Monday, February 06, 2006

Ow! My eye! …oh

A first for this southerner: I got a snowflake in my eye. I saw this giant white chunk coming at me. I felt it touch my sclera and I started to panic…must protect…valuable organ…primary shield (glasses lens) has failed! Then it melted immediately, of course. Quite refreshing actually, like a squirt of chilled Visine.

I’m guessing this is one of those things that most people who grew up around real winters experienced often as a child. Maybe, like running around with their tongues out, they also ran around trying to catch snowflakes in their eyeballs for fun. I know nothing about this. It occurs to me there are probably a thousand aspects of snow, ice, and other sub-freezing eventualities that I am ignorant of. Did they suck on icicles like ice-pops? Did they crunch the snow drifts like a crème brulee? Did they eat snow-cream? Did they watch as dogs made yellow-rimmed cenotes in snow piles? Did they examine the patterns in frost on window panes? Did they really get their tongues stuck on metal poles? Did they see cave formations in waterfalls? I’ve only read about these things, and as an adult, I don’t make time for finding out myself.

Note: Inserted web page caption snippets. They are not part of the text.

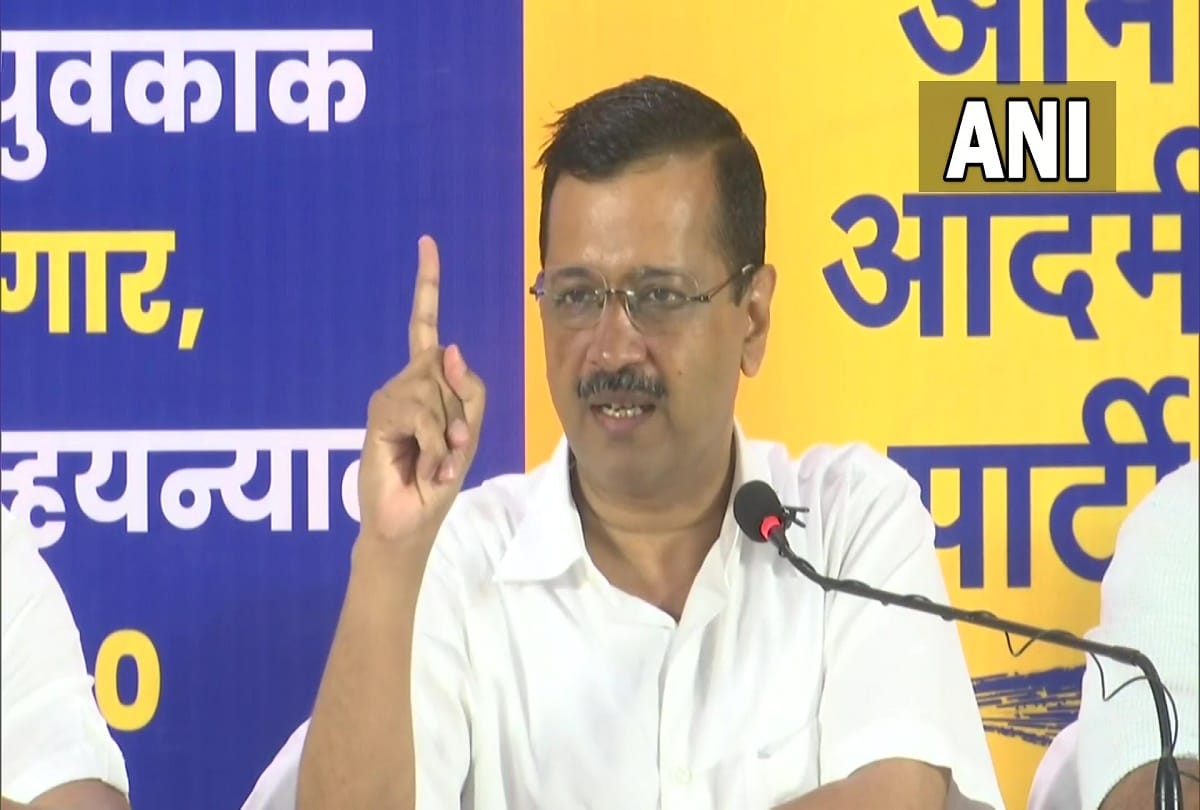 Delhi: Chief Minister Kejriwal said that like Delhi neighboring states should also help farmers in smelting stubble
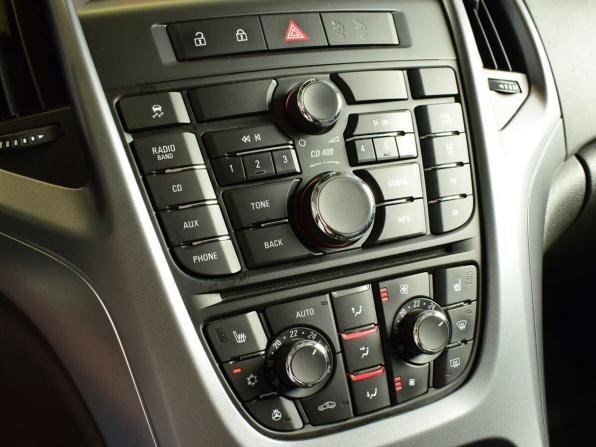 Opel Astra J Рестайлинг с пробегом 2013 года, цена 715 999 рублей, 120725 км, хэтчбек, Автокод Объявления
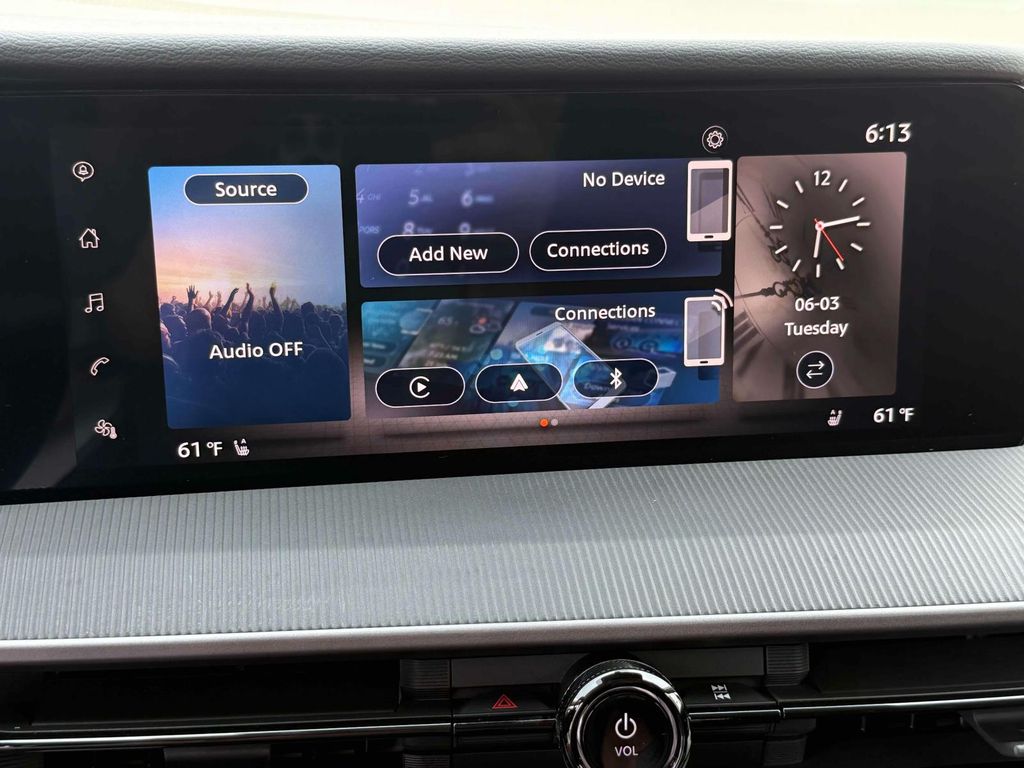 2025 Nissan Murano SV photo 6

Those precious years when I was a young child and had all the curiosity, time, and patience for exploring the world at a face-to-the-ground level were spent in warmer climes. I know everything there is about ant-lion pits, the paper cuts you get from trying to weave baskets out of giant grasses (the kind with puffy cream plumes), the feel of agave flesh under your finger nails (and how to pinch off the spines and poke them into the leaves like a pomander), and keeping an eye out for water moccasins while hunting for tadpoles. But, I am a novice when it comes to snow.